There’s nothing wrong with photographing a car milestone, like when your rusted 1998 Toyota Camry hits 200,000 miles, and you take a picture of the odometer, and it immediately turns to dust at 200,001 miles. Unless, of course, you’re driving while the milestone happens, and the car’s going over 100 mph, and you’re not snapping a quick photo — you’re using SnapChat.
On Sept. 10, 2015, Christal McGee, 18, took her father’s Mercedes Benz out for a late-night joy ride. According to a lawsuit filed by attorney Michael Lawson Neff, she “pushed the speed of her Mercedes to above 80 miles per hour. McGee then pushed the speed of her Mercedes to above 90 miles per hour. And McGee continued to push the speed of her Mercedes to above 100 miles per hour.” McGee got all the way up to 107 mph (in a 55-mph zone) when she collided with Maynard Wentworth’s Mitsubishi in Clayton County, Georgia.
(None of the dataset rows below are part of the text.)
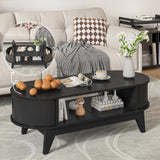 Coffee Table with 2 Hidden Storage,Mid Century Modern Coffee Table with Fluted Finish,Wood Center Tables Oval Coffee Tables with Flip-Top Lids for Living Room Home Office (Black) Mxtxmy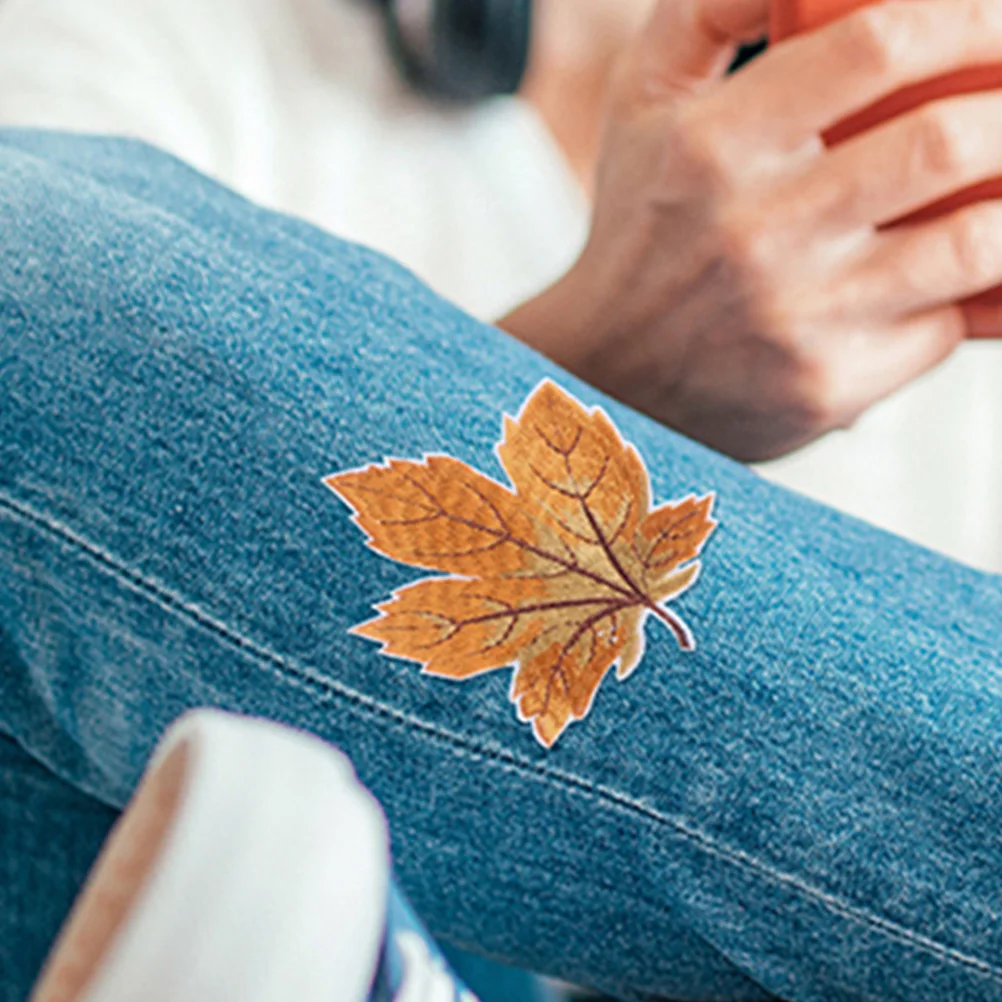 

12Pcs Colorful Maple Leaf Embroidered Patches Applique Cloth Stickers For Clothing Accessories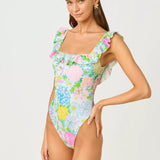Aemma Ruffle One PieceWomen - Swim - One - Piece SwimsuitsLILLY PULITZERThe Printed Peach Savannah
They both, miraculously, survived the crash (as did her three passengers and his wife), but Maynard has permanent brain damage and can no longer work as an Uber driver. Now he’s suing not only McGee, but also SnapChat.
[Wentworth] and his wife are suing McGee — and Snapchat — for negligence. The narrative of that night is outlined in a civil complaint filed in Spalding County court last week, which alleges that Snapchat was equally responsible for the cause of the crash because the company did not delete the miles per hour filter from the app after it was cited in similar accidents prior to the crash. (Via Washington Post)
The “Speed Filter” determines how fast a user is traveling using GPS. The app warns, “Do NOT Snap and Drive,” but after the crash, McGee, with blood still on her face, reportedly Snapchatted, “Lucky to be alive.”